1. Make a pot of my Autumn-in-a-Bowl Butternut Squash Soup. (It used to be called Butternut Squash Soup with Gingered Cream, but a friend re-named it on the spot when he tasted it several years ago at a potluck soup supper.)
2. Tidy up the garden, but not too much. Leave some standing coneflowers, rudbeckia, and so forth for the birdies.
3. Speaking of birds, fill the feeders.
4. Have a tramp through some woods, any woods, but maybe do it before the hunters really get out in force.
5. Do a messy/best-outdoors job before it gets too cold. Me? I need to hose down the mats that are just outside and inside my front door.
6. Plant some bulbs now for future Fab Fridays (as well as Saturdays, Sundays, Mondays…) next spring.
7. Go outside and SMELL. Just take a deep breath and bring Autumn into your lungs. Mmmm.
8. Go outside and LOOK. Walk through your neighborhood and try to find ten different types of colorful leaves. Which can you identify?
9. Go outside and FEEL. How does your climate change in Autumn?
10. Come inside and bake something wonderful. Gather the loved ones in your orbit around the table to eat it together in the early gathering darkness, to talk together, and to celebrate this fleeting season.

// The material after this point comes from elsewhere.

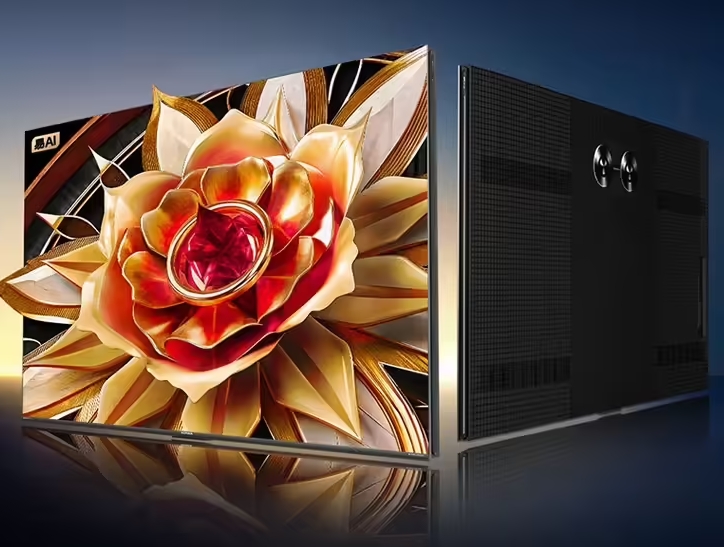 3月7日晚8点，康佳G9W新品预售开启，五重钜惠叠加国家补贴等你来抢！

Lori’s Butternut Squash Soup with Gingered Cream
Cut a 2 lb. butternut squash in half lengthwise, remove seeds, and place face-down in a baking dish. Cover and bake at 350 degrees for about 50 minutes or until tender. Meanwhile, in a large soup pot, cook the chopped white of 2 leeks (or 1 medium yellow onion), 1 chopped parsnip (optional), 1/2 lb. chopped carrots, and 1/2″ grated fresh gingerroot in 2 T. butter until softened. Add 1 t. dried thyme (or 1 T. fresh), a pinch of ground nutmeg, 1 1/2 quarts chicken broth, approx. 1 t. salt, and 1/4 t. pepper. Bring to a boil and simmer for 20 minutes. Scoop the squash flesh from the shells and add to the soup. Simmer a few minutes more if the squash isn’t completely tender. Remove solids and puree in food processor or blender until smooth. (Or, use a giraffe — hand blender. Failing any of these tools, just stir to break up any big chunks of squash and call it “rustic.”) Return to pot and adjust seasoning. Beat 1 c. heavy cream to a soft peak and fold in 1 T. minced candied ginger. Serve hot soup dolloped with gingered cream.
This soup freezes beautifully without the cream. It tastes good even without any cream added to it at serving time. This is a terrific first-course soup, but my favorite way to eat it is at lunch with a chicken sandwich. I always freeze some in single serving portions for winter lunches.